The alternative seems obvious: Don’t let them regulate themselves. The Black Lives Matter proposal calls for two strong civilian oversight boards that do not include any police representatives, former cops or family members of cops. These boards would no doubt be tough on cops. But there’s a small problem, which is that you would have a board that has, at best, a 50 percent understanding of policing: The members might know what it is to be policed, but they will not know what it is to police. Excluding people with knowledge of the system from your regulatory board is not a formula for good decision making. If you constitute such a body, you are asking for open conflict with your police force, which will justifiably resent being told that they did their jobs wrong, all the more so if the charge is coming from people who have never tried to do the job. Because police officers spend a lot of time operating unsupervised, and do not have measurable outputs other than the time they put in, they will have a lot of ways to rebel against perceived unfairness.

Two thoughts.
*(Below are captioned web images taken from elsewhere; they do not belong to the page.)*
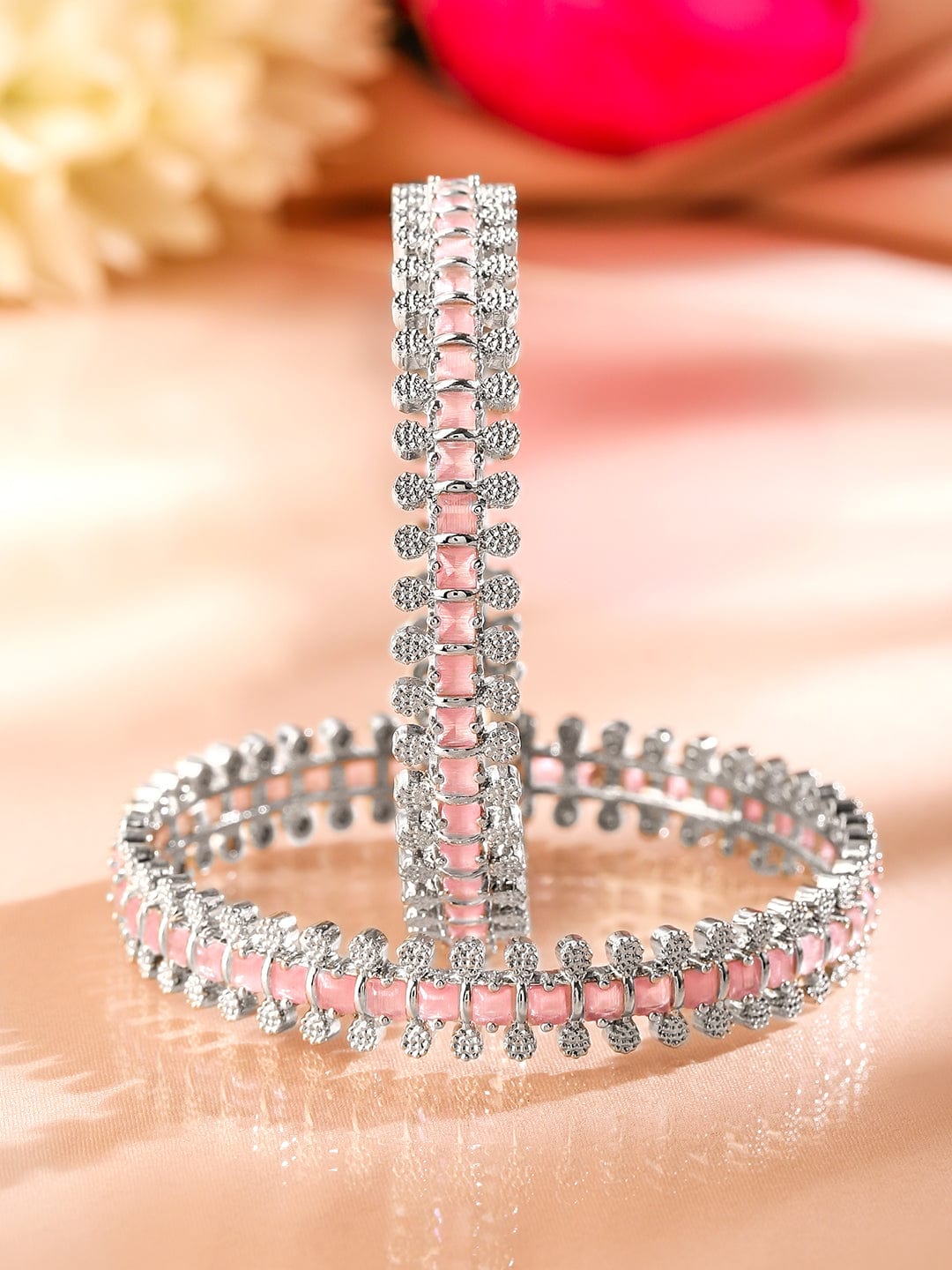 Rubans Set of 2 Rhodium-Plated Pastel Pink & White Cubic Zirconia Studded Luxe Bangles Bangles & Bracelets
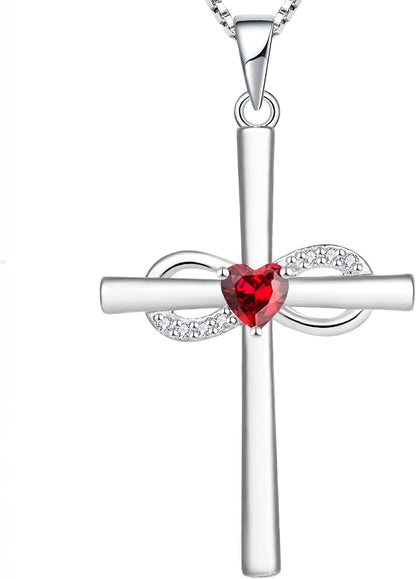 Infinity Cross Necklace Sterling Silver Crucifix Pendant Gemstones Criss Jewelry for Women - WORLD TIME VISITS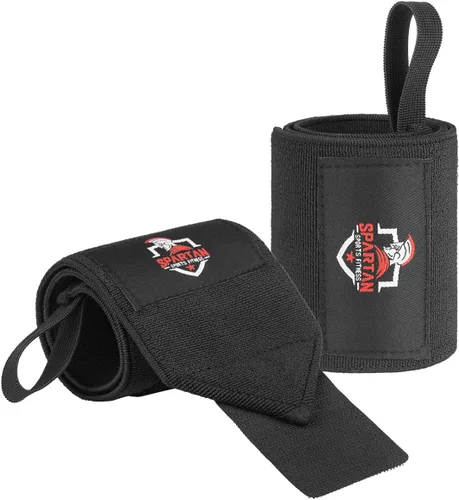 Vista 7 de Spartan Muñequeras para levantamiento de pesas de 18 pulgadas, soporte de muñeca resistente con bucle para el pulgar, envolturas de elevación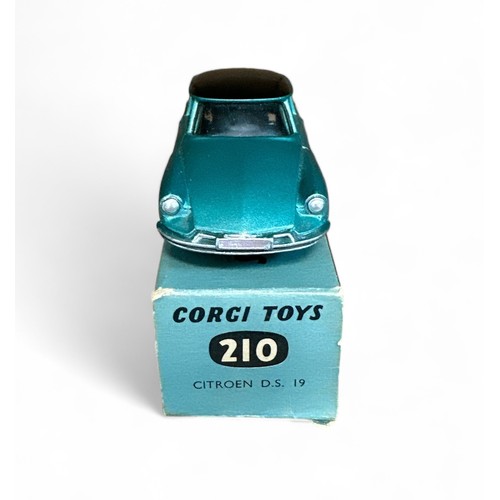 64 - Corgi Citroen DS19 No. 210, metallic turquoise with black roof, flat spun hubs, generally excellent ... 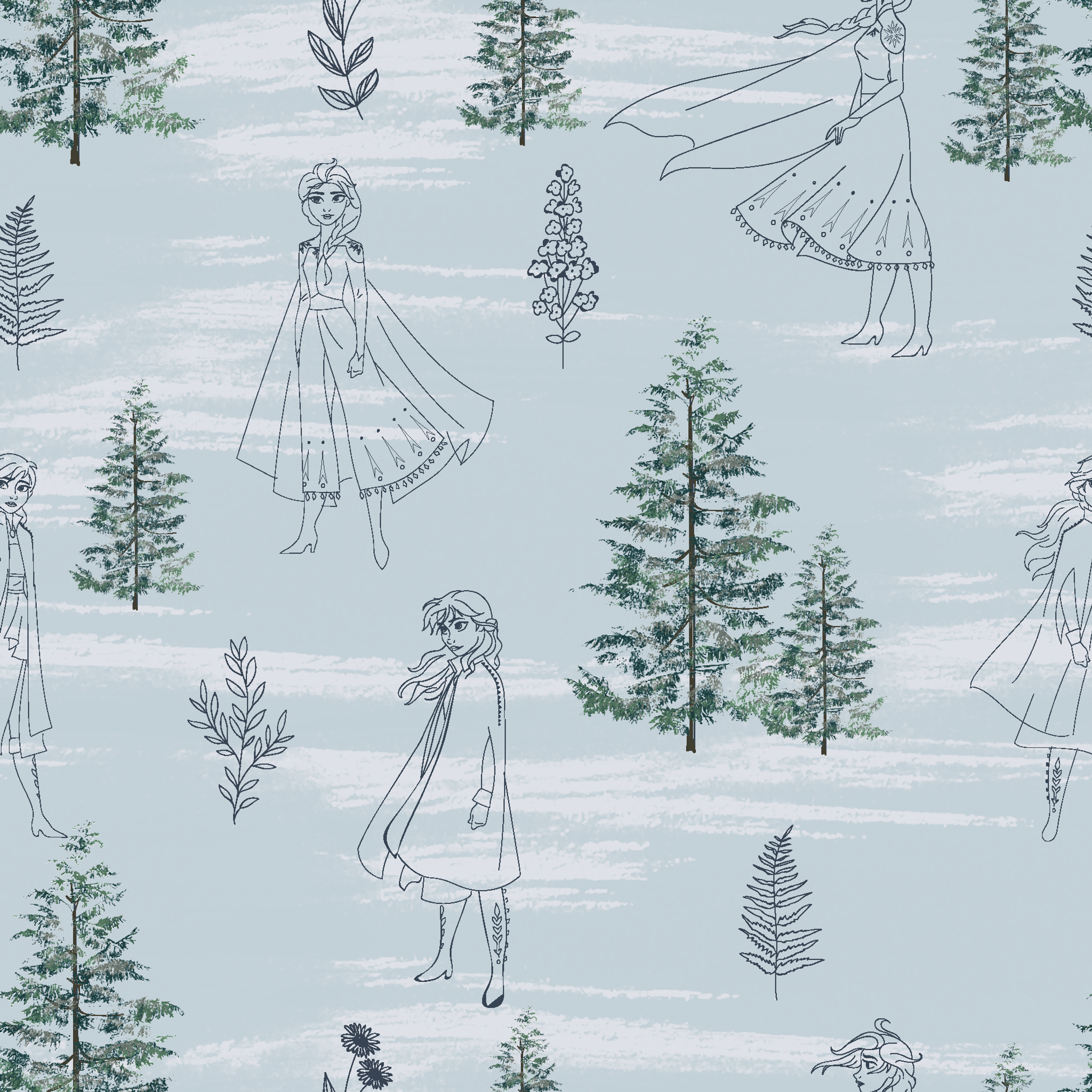 Pale blue pattern with delicate line drawings of pine trees, Elsa, and Anna across a wintry landscape tiled preview square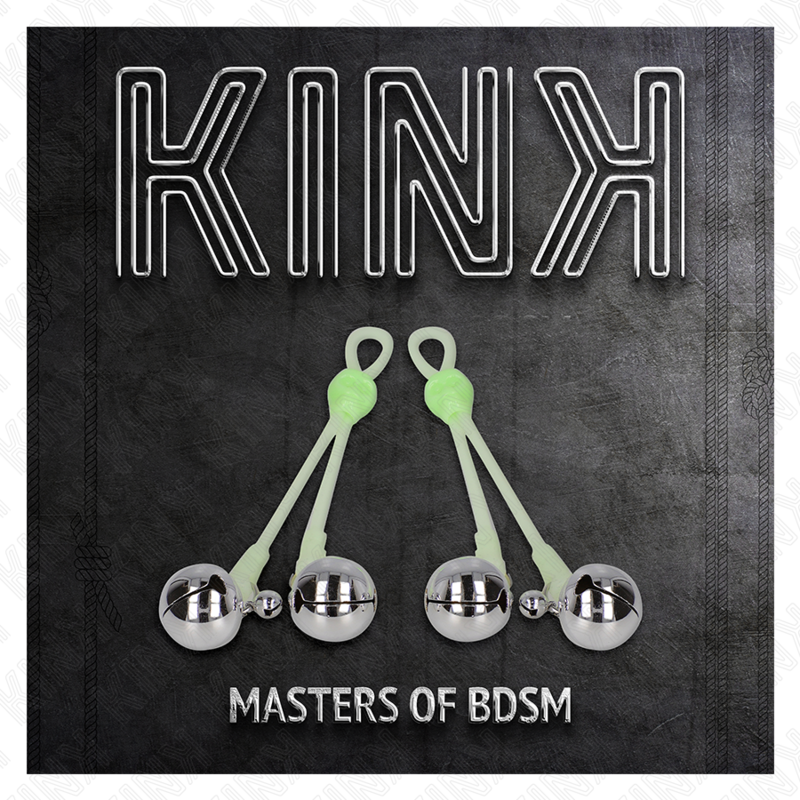 Kink Nipple Grip Kink - Luminous Skull Nipple Clamps With Ring Bells Adjustable Green / Silver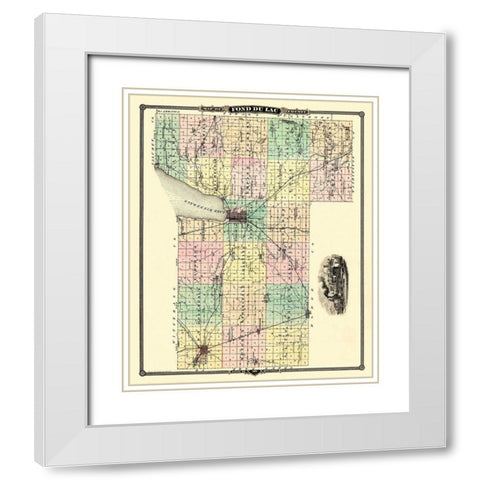 Fond Du Lac Wisconsin Landowner - Snyder 1878 White Modern Wood Framed Art Print with Double Matting by Snyder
First, it’s cute to pretend that Black Lives Matter is actually about making policing better when it’s really just another Democratic party constituency agitprop group. Second, if you really want to improve policing (1) abolish official immunity; (2) require insurance for all police; (3) give people a choice of who polices their neighborhoods. That won’t happen, though, because it’s bad for public employee unions and it doesn’t make for appealing slogans designed to drive black voter turnout in November of 2016.